Romans 6:1-11 makes it clear that the grace of God which forgives our sins is not freedom to simply be selfish and self-destructive, or to continue harming others. The Christian life is described in terms of being united with Christ, who died to break the chains of sin upon us and rose to fill us with a new power, sending our lives in a new direction.
I think a part of why we still, despite Paul’s words to the contrary, think of grace as license to do whatever we want to ourselves and others is because we think of grace as simply forgiveness from sin and a get-out-of-hell-free card. But grace is actually the love of God present as an active, liberating, life-giving force in your life. When you experience grace it ought to begin a process, which if you participate with, transforms your life.
I love the way this is put in the statement of faith of the United Church of Christ, the denomination within which I am a minister. They describe grace in a very active way: “You promise to all who trust you forgiveness of sins and fullness of grace, courage in the struggle for justice and peace, your presence in trial and rejoicing, and eternal life in your realm which has no end.”. As United Church of Christ minister Reinhold Niebuhr once prayed, God not only gives us “serenity” to accept what we cannot change (such as the past, which God forgives) but also “courage to change” those things we can change, and “wisdom to know” the difference between the two.

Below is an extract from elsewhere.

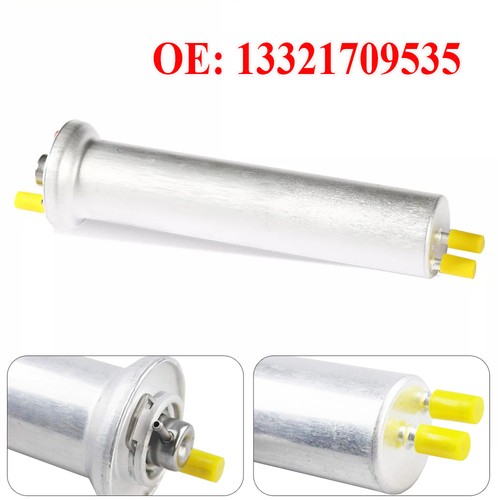Fuel filter with - fuel,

I pray all of us come to experience not just the grace of forgiveness which Jesus freely offers, but also the active working of grace in our lives which gives us serenity to accept, the courage to struggle for justice and peace, power through trial to stand, and enduring hope in each moment. That active grace is one that as it becomes alive in your life will lead you not to think “how can I get away with this selfish desire?” but instead “how can I live with courage for others and for the world?”